(WHAT THIS TASK INVOLVES): The task calls for the line containing "Olive Green T-Shirt" and all later lines, through the end of the entries below, to be set down exactly and without pictures.

(MATERIAL PROVIDED):
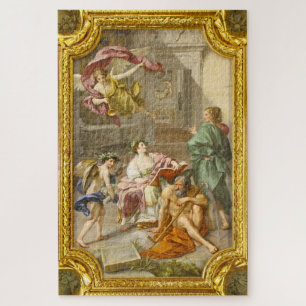 Puzzle "Le triomphe de l'histoire dans le temps", Bibliot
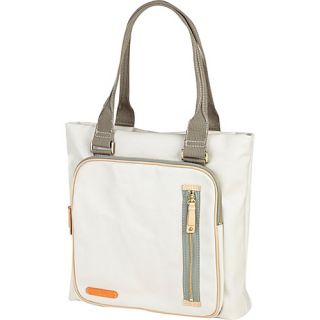 Carina Square Pocket Tote Stone   Clava Ladies Business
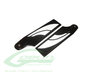 SAB 105mm Carbon Fiber Tail Blades White - Goblin 630/630 Competition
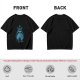 Olive Green T-Shirt With Blue Totoro Inspired Graphic Print
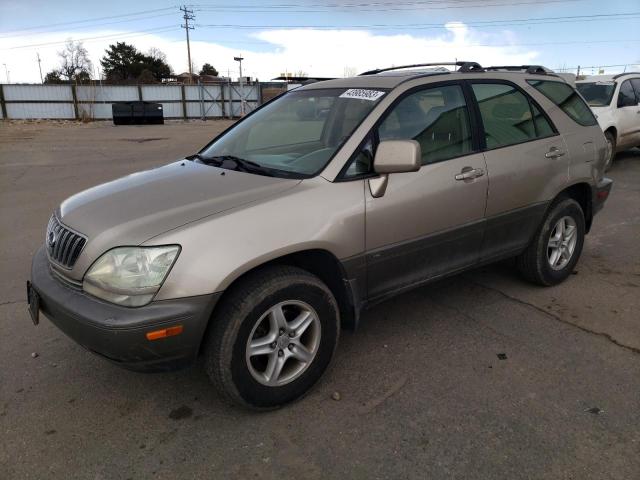 Lexus RX 300 salvage cars for sale: 2001 Lexus RX 300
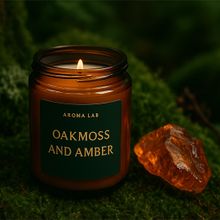 Product image of AROMA LAB Oakmoss and Amber სურნელოვანი სანთელი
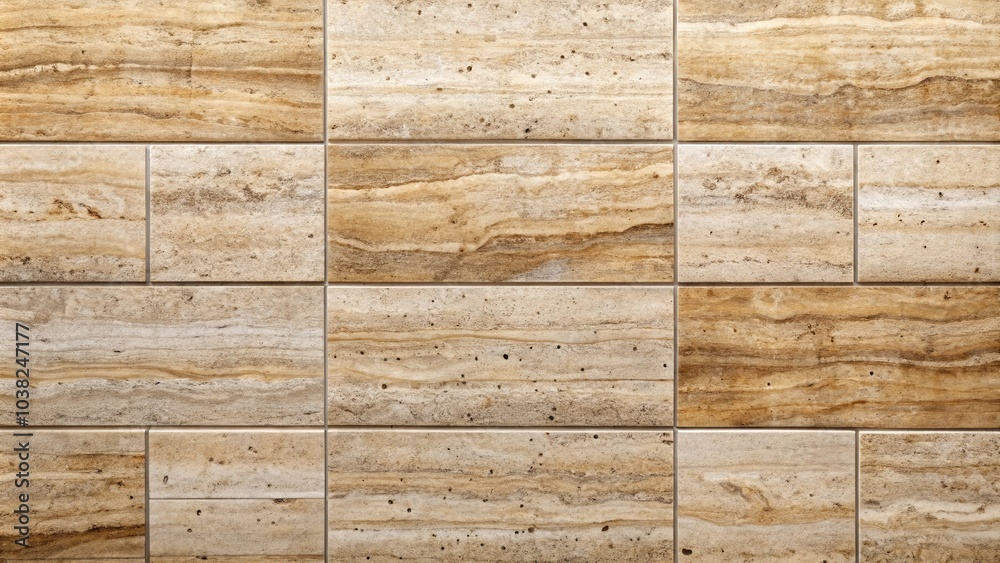A Seamless Pattern of Interlocking Rectangular Tiles with a Natural Stone Texture Featuring Intricate Veins and Subtle Color Variations A Seamless Pattern of Interlocking Rectangular Tiles with a Natural Stone Texture Featuring Intricate Veins and Subtle Color Variations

(REPLY TO THE EXERCISE):
 Olive Green T-Shirt With Blue Totoro Inspired Graphic Print
 Lexus RX 300 salvage cars for sale: 2001 Lexus RX 300
 Product image of AROMA LAB Oakmoss and Amber სურნელოვანი სანთელი
A Seamless Pattern of Interlocking Rectangular Tiles with a Natural Stone Texture Featuring Intricate Veins and Subtle Color Variations A Seamless Pattern of Interlocking Rectangular Tiles with a Natural Stone Texture Featuring Intricate Veins and Subtle Color Variations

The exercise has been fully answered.